**What to do:** Omit the pictures. Transcribe exactly the lines below, from the one with "Phosphatidylglycerophosphate Synthase 1" up to and including the last.

Extracted records

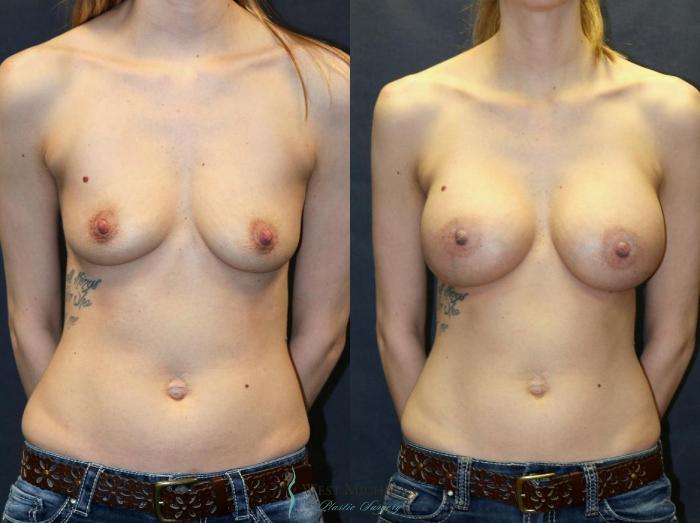 Before & After Breast Augmentation Case 9093 View #1 View in Portage, Kalamazoo, Battle Creek, Michigan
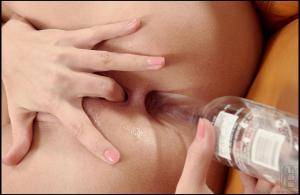 Original 1616 px/ 1053 px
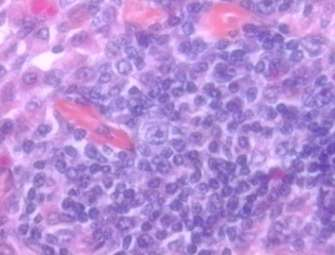 Παραφλοιός μικρά Τ λεμφοκύτταρα και βλαστικές μορφές (Τ ανοσοβλάστες), που ενεργοποιούν τα Β λεμφοκύτταρα, Φλεβίδια με υψηλό ενδοθήλιο (high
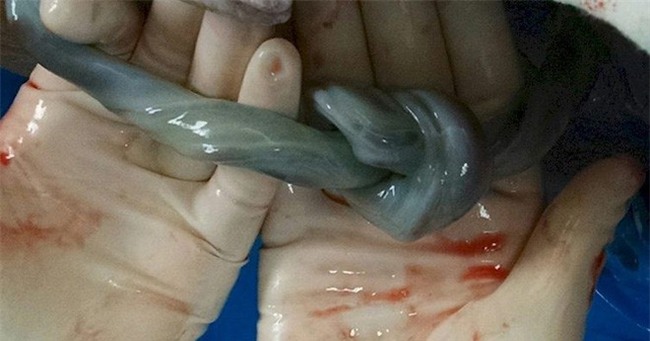 Vừa đón em bé chào đời, bác sĩ hét lên Bố đâu, nhanh đến chụp ảnh, con anh là một phép màu - Ảnh 3.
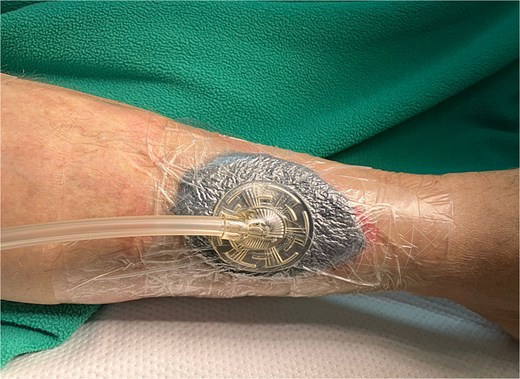 Application of a NPWT.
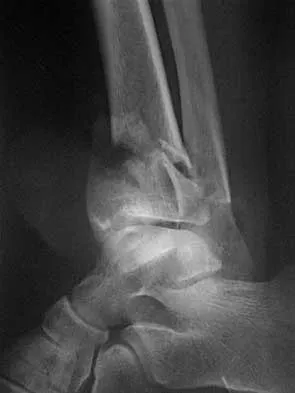 Foot & Ankle 2026 MCQs: Board Review Questions & Answers (Part 2) - Figure 3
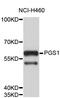 Phosphatidylglycerophosphate Synthase 1 antibody, abx003202, Abbexa, Western Blot image 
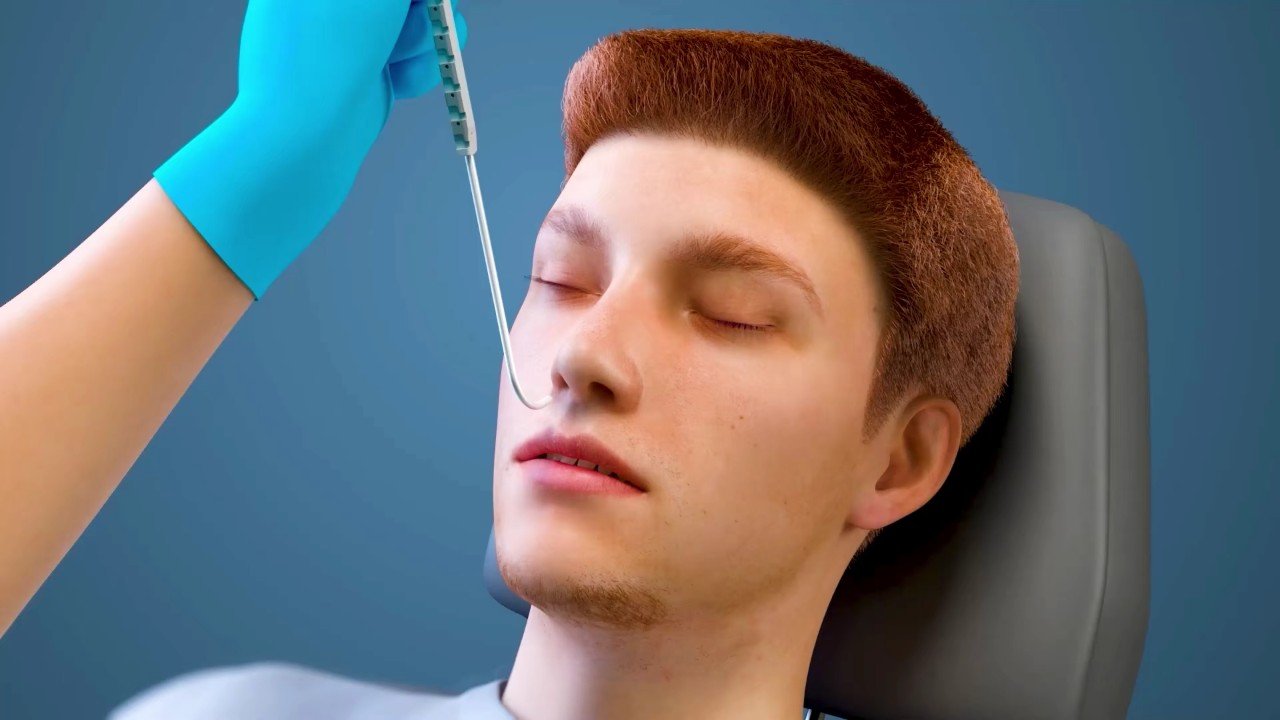 Frame from Nasal Foreign Body Removal
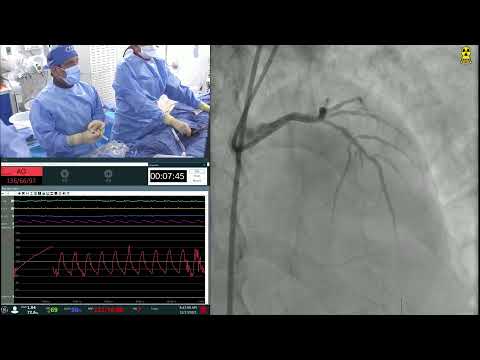 Live Relay - Imaging Guided Complex PCI of Calcified LM/LAD using Rotational Atherectomy and DES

**Exercise answer:**
 Phosphatidylglycerophosphate Synthase 1 antibody, abx003202, Abbexa, Western Blot image 
 Frame from Nasal Foreign Body Removal
 Live Relay - Imaging Guided Complex PCI of Calcified LM/LAD using Rotational Atherectomy and DES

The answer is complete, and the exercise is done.